I currently have a 30-year first mortgage with 26 years remaining and a home equity line of credit, or HELOC, at the prime rate, less 0.5 percent. Given the low rates, is now a good time to refinance the HELOC into my first mortgage?
-- Joe Jam
A: Dear Joe,
To fold the home equity line of credit into a 30-year fixed-rate refinancing, you'll need enough equity in your home to cover the HELOC plus enough to keep the lender happy with your remaining equity in the house. If the loan-to-value is greater than 80 percent, the lender will want you to purchase private mortgage insurance, adding to the cost of refinancing.
An FHA loan will have a lower equity requirement, but you'll still have mortgage insurance premiums to consider.
You've got a great rate on your HELOC. You didn't mention whether the HELOC has a floor, or minimum interest rate. If it doesn't, the current prime rate of 3.25 percent puts your HELOC at 2.75 percent. As I write this column, the Bankrate national average for a 30-year fixed rate mortgage is 5.32 percent, and the national average for a HELOC is 5.56 percent.
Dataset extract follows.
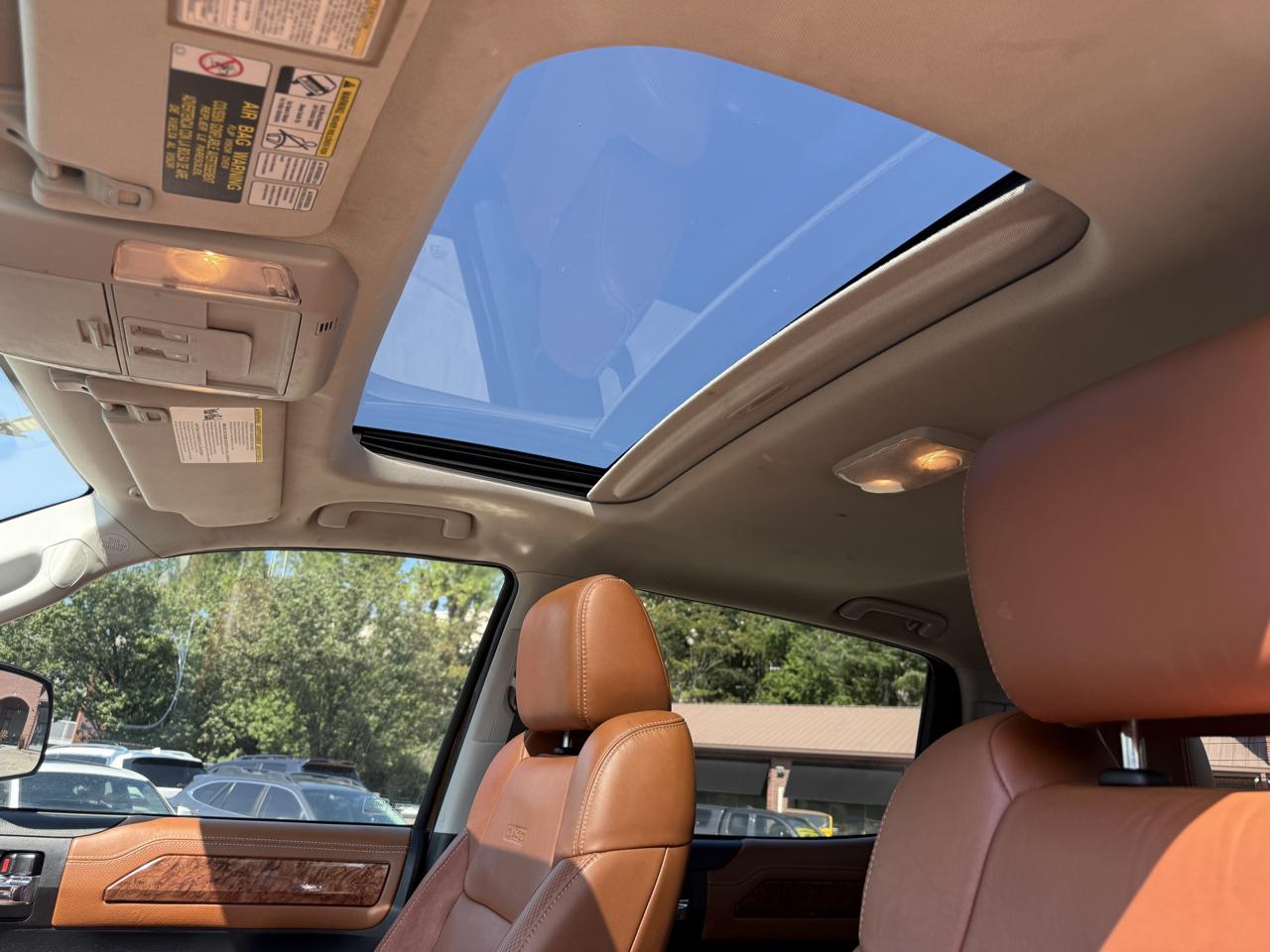 Toyota Tundra  2014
One goal of refinancing is to lower the total interest expense. Another is to make the payments more manageable. A third is to convert an adjustable-rate loan into a fixed-rate loan. While it's not likely that you'll be reducing your total interest expense, you are making the payments more manageable and locking in a fixed interest rate at near historic lows for a 30-year mortgage.